Шел я в тени стены, остывший за ночь кирпич добавлял сырой прохлады, в прорези сандалий заплескивалась холодная роса, но звонкий девчоночий голосок: «Так пока ходит» — тотчас превратил росу в кипяток, утреннюю прохладу в полуденную жару, проломил невыговариваемую тайну — оказывается, она может обернуться прогулочным пересудом. Я пылающим шепотом повторял и повторял: «Ну началось, ну началось», — хотя решительно не представлял: что же началось?
Помнил, за Светиным домом возносился Горбушинский сад, все годы видел его зеленое облако над длинным тальниковым плетнем, а за плетнем — Ивана Борисовича Сумзина, неутомимого мензелинского садовода. Необычайно курносый, веселый, в выгоревшей бессрочной телогрейке, он бесшумно возникал перед тобой, хотя перелезал ты и спрыгивал вкрадчивее кошки. Поднимешься из подзаборной полыни, а Иван Борисович уже беззвучно хохочет, словно заодно с тобой, и манит пальцем. Подойдешь, шепотом спросит: «Чем потчевать прикажешь?» Изнеможешь от навалившейся бессловесности, уставясь в рыжие сапоги Ивана Борисовича, а он тем временем быстрыми и легкими руками обрывает вишню, и только радужки змеятся на пальцах, на сизой окалине загара. И вот обе твои пригоршни полны теплой, пунцово-черной вишни, и внутри каждой ягоды чуть пульсирует, токает продолжающий движение сок. Спасибо не успеешь буркнуть сдавленным от стыда горлом, а Ивана Борисовича уже нет, растворился в вишеннике. Наверное, в саду росли и яблони, и груши, и сливы — не помню. Помню вишню, нежное ее, тихое, бело-розовое цветение, первый румянец на зеленых юных щечках, ее налившуюся покойную упругость, и всегда проходит под ее тугою листвой Иван Борисович в бессрочной телогрейке.

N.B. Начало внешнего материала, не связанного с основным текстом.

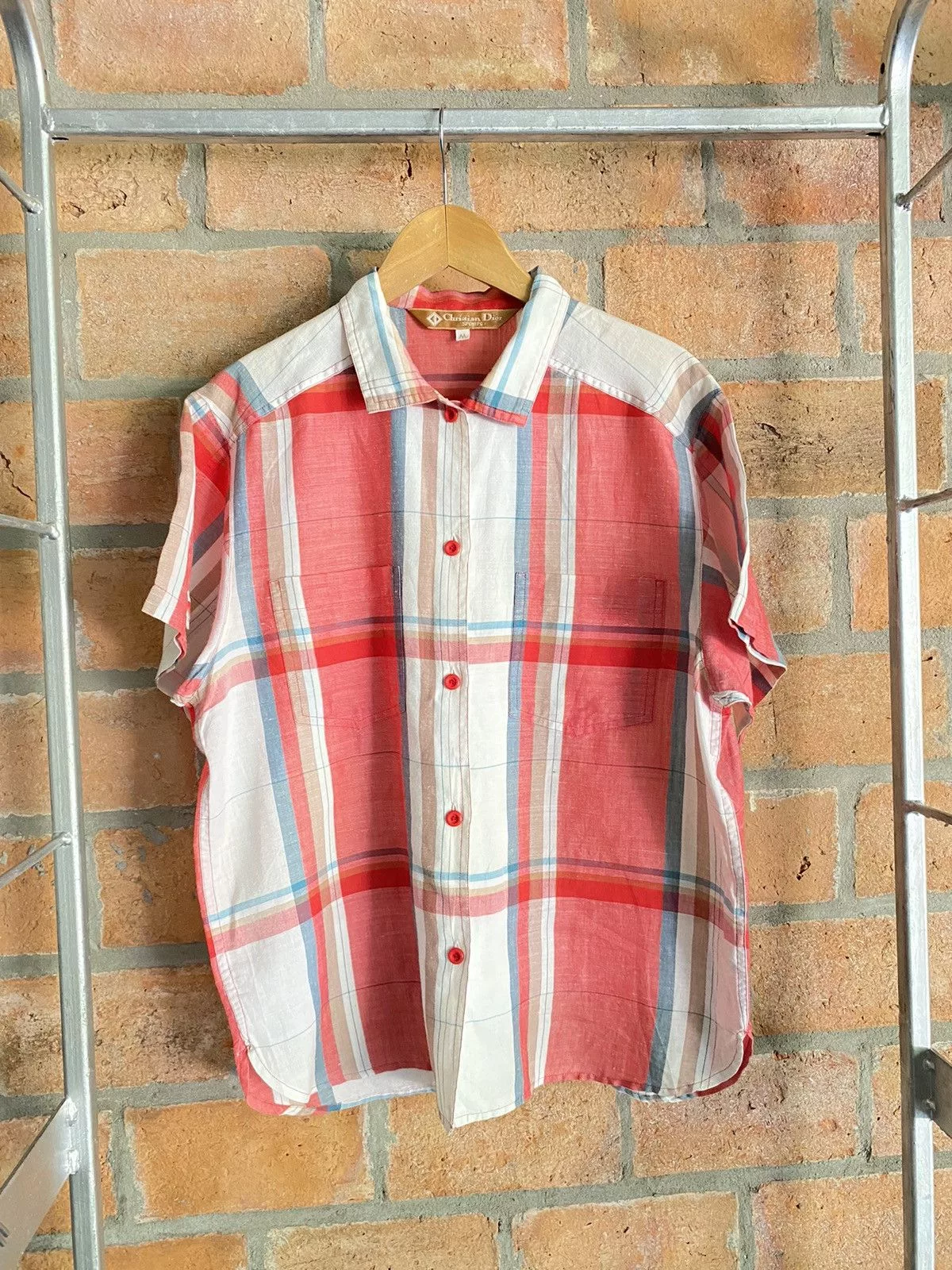 Dior Button Ups Christian Dior shirt Red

А сторожа в Горбушинском саду были, как на подбор, злые, сухонькие старички, наделенные удивительной прытью: они азартно, без устали гонялись за нами, только мелькали меж деревьев их сморщенные личики, и, как выразился бы писатель романтического направления, читалась на них одна лишь страсть: догнать, поймать, наказать. Караулили они с ружьями, заряженными солью, под рукой у них всегда были заросли особой жалящей до костей крапивы. Не раз и не два отмачивали мы горящие задницы в вонючем пруду у салотопки…

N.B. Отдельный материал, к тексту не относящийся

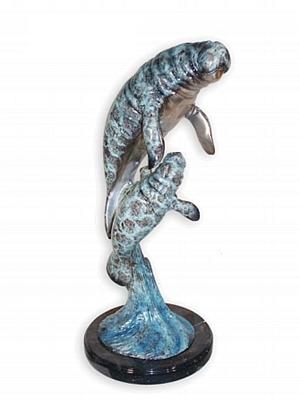 Tabletop Manatee Sculpture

— Коля, а где же Горбушинский сад?
— Вымерз. А вообще-то мимо идем. — Мы шли мимо каких-то строений. — Да, вымерз, а новый вырастить не собрались.
— А Иван Борисович как?
— Умер. Сразу после тех морозов. Считай, вместе с садом. Ничего этого не видел. — Николай покосился на строения.
Но вот и кладбище, под шапкой мокрой желтизны. На тополях еще держались там-сям жесткие зеленые листья, вроде бы перенесенные с металлических венков. А березы желтели без изъянов, с ровною, утешительною скукой. Вот и церквушка — деревянная, недавно крашенная, сине-охристая, с белыми наличниками. Она скромна, проста, без архитектурных затей, цепляющих взгляд, пожалуй, одна на несколько районов — по приходу и расходы: новая краска хоть и сообщала ей аккуратность, но аккуратность бедной, чистоплотной старушки — побираться не побирается, но и в скоромные дни постится.
Миновали ее — где же три березы, о которых говорила мать? Тучная кладбищенская почва подняла такие березищи, что за каждой может спрятаться церквушка. Считаю: пять, шесть, семь — мать, должно быть, не рассмотрела в тот день, что у могилы начинался березняк.
Ходим с Николаем меж берез, ворошим, разгребаем космы жухлой травы, выцветшие добела траурные ленты, рыжую поминальную хвою, накопившуюся, точно в ельнике, угадываем по земляничным куртинам: тут была могила и тут, но неизвестно чья, может быть, и Максима Романовича Шугаева.
Николай говорит:
— Сорок лет все-таки. Никто не следил — как теперь разыщешь?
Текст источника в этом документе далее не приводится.